A few weeks ago, we raised the question of whether Colorado's Voter ID efforts were wasting taxpayers' time and money. These are the transparently partisan schemes that, if successful, likely would influence the upcoming elections. (Although Voter ID initiatives are still pending in numerous states, at least someone has decided that it's a misguided crusade.)
Colorado's unrepentant point person on this de-registration drive is Secretary of State Scott Gessler, and it's been easy to wonder if his Voter ID machinations are preventing him from remedying any legitimately troubling ballot box issues.

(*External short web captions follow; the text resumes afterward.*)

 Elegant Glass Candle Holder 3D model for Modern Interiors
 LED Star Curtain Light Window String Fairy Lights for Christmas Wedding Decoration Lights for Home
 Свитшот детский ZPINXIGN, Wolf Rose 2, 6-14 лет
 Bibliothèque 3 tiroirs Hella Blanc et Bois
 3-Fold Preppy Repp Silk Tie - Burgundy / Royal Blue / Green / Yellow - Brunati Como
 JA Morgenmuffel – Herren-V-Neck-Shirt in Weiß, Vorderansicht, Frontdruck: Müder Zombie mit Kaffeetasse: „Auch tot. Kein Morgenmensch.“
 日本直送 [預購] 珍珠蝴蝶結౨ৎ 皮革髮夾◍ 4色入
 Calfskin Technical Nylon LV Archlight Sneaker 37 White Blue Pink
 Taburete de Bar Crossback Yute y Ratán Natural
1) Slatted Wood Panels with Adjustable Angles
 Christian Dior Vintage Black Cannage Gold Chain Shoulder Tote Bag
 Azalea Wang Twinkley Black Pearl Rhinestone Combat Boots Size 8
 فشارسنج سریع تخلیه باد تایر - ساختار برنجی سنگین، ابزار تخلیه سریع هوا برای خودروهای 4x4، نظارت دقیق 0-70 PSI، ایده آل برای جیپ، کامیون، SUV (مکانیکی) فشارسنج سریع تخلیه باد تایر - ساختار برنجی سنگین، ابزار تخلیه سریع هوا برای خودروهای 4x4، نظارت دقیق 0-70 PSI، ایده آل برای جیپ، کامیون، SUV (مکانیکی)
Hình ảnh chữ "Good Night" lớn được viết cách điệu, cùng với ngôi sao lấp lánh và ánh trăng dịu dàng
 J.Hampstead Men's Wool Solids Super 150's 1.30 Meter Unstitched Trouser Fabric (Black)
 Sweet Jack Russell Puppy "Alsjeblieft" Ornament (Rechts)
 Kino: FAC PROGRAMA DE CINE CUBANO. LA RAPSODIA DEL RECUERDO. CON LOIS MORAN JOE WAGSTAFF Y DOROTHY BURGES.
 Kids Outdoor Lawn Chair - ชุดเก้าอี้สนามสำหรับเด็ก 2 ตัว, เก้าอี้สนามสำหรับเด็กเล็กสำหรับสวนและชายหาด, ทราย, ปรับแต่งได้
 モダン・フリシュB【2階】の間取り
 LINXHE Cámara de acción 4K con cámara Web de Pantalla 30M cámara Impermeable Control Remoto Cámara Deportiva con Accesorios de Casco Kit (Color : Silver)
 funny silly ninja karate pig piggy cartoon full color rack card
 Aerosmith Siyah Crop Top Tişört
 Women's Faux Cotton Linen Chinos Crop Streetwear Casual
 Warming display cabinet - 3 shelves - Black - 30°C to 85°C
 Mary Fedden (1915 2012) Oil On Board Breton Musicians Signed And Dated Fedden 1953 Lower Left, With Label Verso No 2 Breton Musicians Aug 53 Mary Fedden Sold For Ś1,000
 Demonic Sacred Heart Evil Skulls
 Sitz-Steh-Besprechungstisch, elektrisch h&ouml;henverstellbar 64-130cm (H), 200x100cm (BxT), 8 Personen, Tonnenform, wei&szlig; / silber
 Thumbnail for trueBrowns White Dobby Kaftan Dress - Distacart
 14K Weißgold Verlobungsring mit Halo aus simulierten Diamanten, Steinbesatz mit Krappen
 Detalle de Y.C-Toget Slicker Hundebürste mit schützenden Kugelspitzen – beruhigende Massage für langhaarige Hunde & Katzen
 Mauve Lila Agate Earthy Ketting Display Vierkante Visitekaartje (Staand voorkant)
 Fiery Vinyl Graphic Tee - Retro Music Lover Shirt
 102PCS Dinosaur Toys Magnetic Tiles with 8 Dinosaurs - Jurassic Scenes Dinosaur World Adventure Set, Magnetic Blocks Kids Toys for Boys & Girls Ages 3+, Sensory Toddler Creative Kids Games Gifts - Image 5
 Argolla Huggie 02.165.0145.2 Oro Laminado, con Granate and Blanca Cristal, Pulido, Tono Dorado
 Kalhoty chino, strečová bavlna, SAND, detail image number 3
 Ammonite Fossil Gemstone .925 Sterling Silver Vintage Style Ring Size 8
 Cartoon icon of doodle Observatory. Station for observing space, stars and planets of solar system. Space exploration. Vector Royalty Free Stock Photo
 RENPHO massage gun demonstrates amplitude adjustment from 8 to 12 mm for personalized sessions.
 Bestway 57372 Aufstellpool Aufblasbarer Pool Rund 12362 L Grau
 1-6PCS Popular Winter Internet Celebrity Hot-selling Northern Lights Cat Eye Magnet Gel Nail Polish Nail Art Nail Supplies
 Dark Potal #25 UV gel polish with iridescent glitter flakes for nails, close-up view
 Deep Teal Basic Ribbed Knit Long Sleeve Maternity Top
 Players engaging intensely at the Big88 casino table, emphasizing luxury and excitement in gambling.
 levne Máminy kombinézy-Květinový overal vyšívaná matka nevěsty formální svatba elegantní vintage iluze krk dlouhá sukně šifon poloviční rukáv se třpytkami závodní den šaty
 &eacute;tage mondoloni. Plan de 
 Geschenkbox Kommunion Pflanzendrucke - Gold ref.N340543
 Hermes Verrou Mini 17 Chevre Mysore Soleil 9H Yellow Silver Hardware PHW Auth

We may have an answer. On Monday, the Colorado County Clerks Association—the folks who Gessler (in theory) is supposed to work with to ensure that elections run properly—sent a letter to his office listing several concerns they have about Colorado's legitimate voters being able to cast their ballots on November 6. The clerks warn of polling place confusion, in several flavors, should these issues not be addressed immediately. They also suggest that so far, as of four weeks from Election Day, Gessler's office has shown little inclination to resolve them with any kind of competence or efficiency.
Gessler is known among his peers (and readers of 5280) as an earnest and devoutly partisan public servant whose occasionally blunt and lumbering political style makes the proverbial bull-in-the-china-shop seem like a prima ballerina. As Gessler dances around the legitimacy of Voter ID, we can only hope that his office is as interested in solving genuine voting problems as it has been in prosecuting questionable ones. That we even have to wonder is disconcerting.